If we call 0% a gain, this is the first back-to back gain since May-June 2015.

Bloomberg Econoday reports

Highlights

The rise in oil prices gave a second straight but still limited boost to cross-border inflation pressures in April. Import prices rose 0.3 percent to match March’s revised gain. These are the first back-to-back monthly gains since June and May last year. The year-on-year change, at minus 5.7 percent, is the best since December the year before, 2014. Petroleum imports are behind the improvement, up 4.1 percent in April following a big 9.6 percent gain in March. Higher petroleum prices have boosted industrial supplies the past two months though durable goods, less directly affected by oil, also show two straight solid gains. The gains haven’t helped finished prices yet which, in low single-digit decline, show no improvement.

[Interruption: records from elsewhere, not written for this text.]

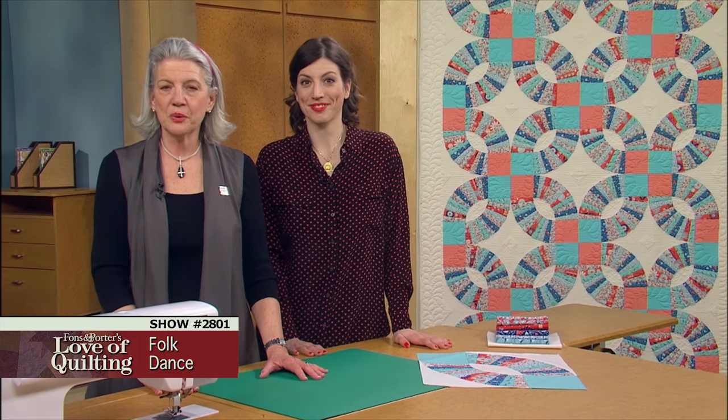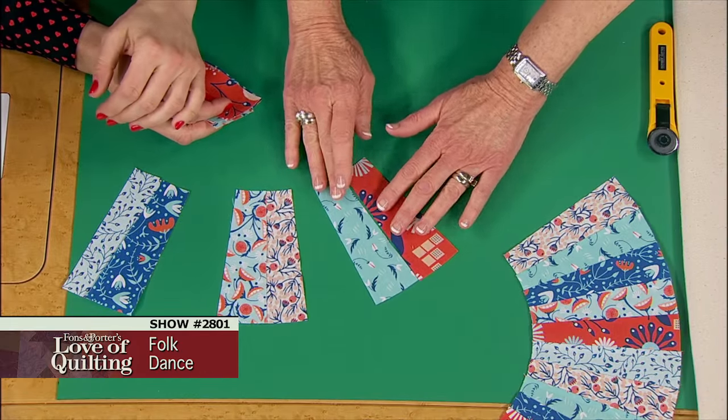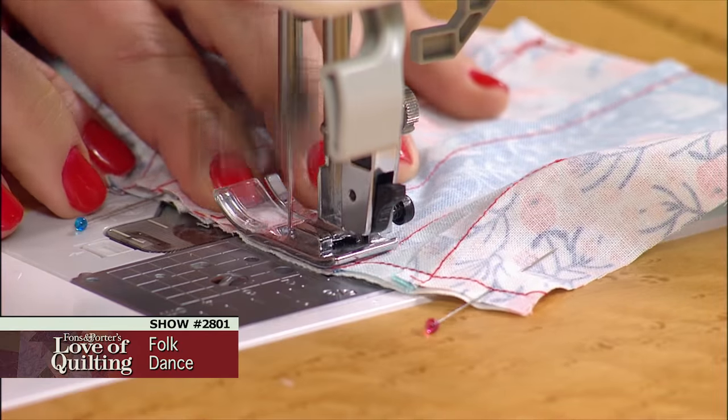What do you get when you use modern style prints in a pickle dish pattern? A fresh take on a traditional quilt. On this episode, you will learn how to cut patchwork pieces using a template set, how to join the elements of a pickle dish block, and how to master stitching curves.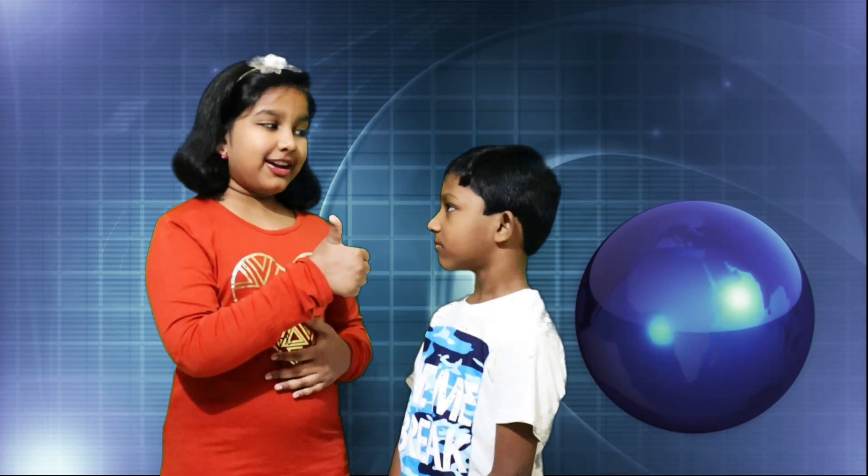We are back with another science experiment! What is it? How did you tell us about this experiment? Different guys are not right here. Okay Austin, let's do the lemons experiment!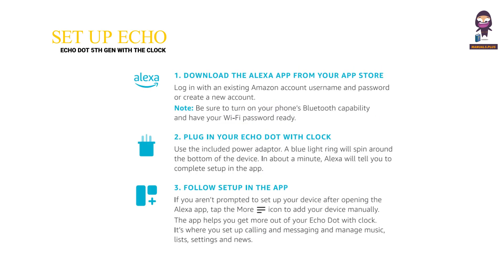Set up your Echo Dot with Clock. Download the Alexa app from your App Store. Log in with an existing Amazon account username and password, or create a new account. Note: be sure to turn on your phone's Bluetooth capability and have your Wi-Fi password ready. Plug in your Echo Dot with Clock using the included power adapter. A blue light ring will spin around the bottom of the device. In about a minute, Alexa will tell you to complete the setup in the app.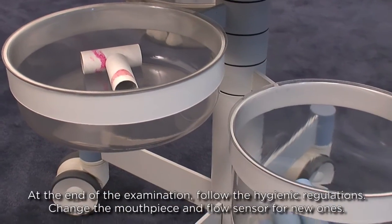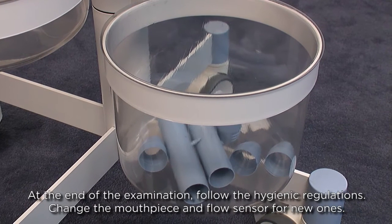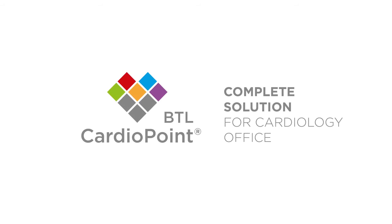At the end of the examination, follow the hygienic regulations. Change the mouthpiece and flow sensor for new ones. Take care.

Export prices rose 0.5 percent in April for the best showing since May last year. The year-on-year rate at minus 5.0 percent is the best since January last year. Agricultural prices boosted April but are still down nearly 10 percent on-the-year. One sign of strength, echoing the durables gain on the import side, is a rare monthly jump in capital goods prices which, year-on-year, are still down but only fractionally.

Country data show improvement across most trading partners but are still in the negative column. Import prices with China are down 1.9 percent year-on-year with the EU down 1.6 percent.

The decline underway this year in the dollar is another major factor that should help lift import prices which, though still concentrated in oil, are showing improvement and will help what has been a stubbornly weak inflation outlook.

Import and Export Prices

import-export prices 2016-05-12

Export prices did much better than the econoday consensus estimate of 0.0%. Import prices, despite rising oil did not live up to economists’ expectations of +0.6%.

US consumer demand is weakening. That’s a boon to the trade deficit, but consumer demand is not all based on imports.

For example, auto sales have been weak. New home sales barely had any recovery at all.

Europe is a basket case. Chinese credit is overheating.

None of this portends a strengthening global economy.